The first are those efficient farmers who face temporary cash flow problems and need help to overcome these difficulties.

The second category is those more heavily borrowed, with low profit and inadequate repayment capacity.

Dr Kelly said in both situations the cash flow budget is critical and will help to minimise the cost of financing the business and avoid the risk of extending credit beyond agreed limits.

Teagasc advisers have a range of financial planning tools such as a cost control planner, a three-year budget planner, an eprofit monitor, repayments calculator and farm assist calculator.

These tools can be used to analyse an individual farmer’s financial situation and allow for clear decisions to be taken.

Dr Kelly said Teagasc advisers are well equipped and trained to help farmers make better financial decisions based on individual financial circumstances.

The Teagasc Authority reiterated its support for the organisation’s campaign to assist farmers who are experiencing income and financial difficulties.

Meanwhile, Irish Farmers Association president Padraig Walshe said the challenge for the Government in next week’s budget must be to support primary production through one of the worst crises farmers have ever faced.

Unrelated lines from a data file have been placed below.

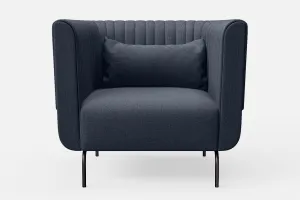 Jackson Armchair Dark Blue Linen Fabric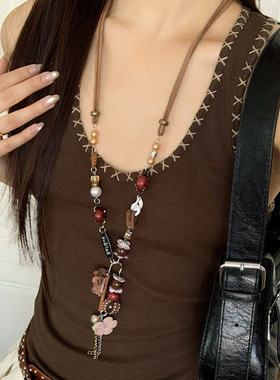 新中式民族风花朵吊坠项链女异域小众高级感配裙子长款毛衣链装饰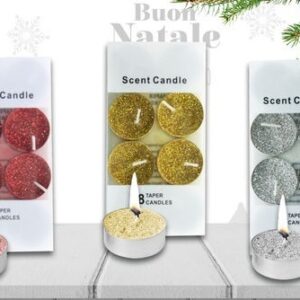 Set 8 T-Ligth Glitterati – colori assortiti *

He said farm incomes in 2009 are set to fall by 28% through a combination of low product prices, Govern-ment cuts and wet weather during the summer and in recent times.

The closure of the REPS4 scheme, and cuts in the Disadvantaged Areas and Suckler Welfare Scheme have had a devastating impact on the income of thousands of farmers.

“Average farm income this year is expected to be around €13,000 for all farmers and €16,000 for full-time farmers which has to pay for living costs and meet bank repayments.”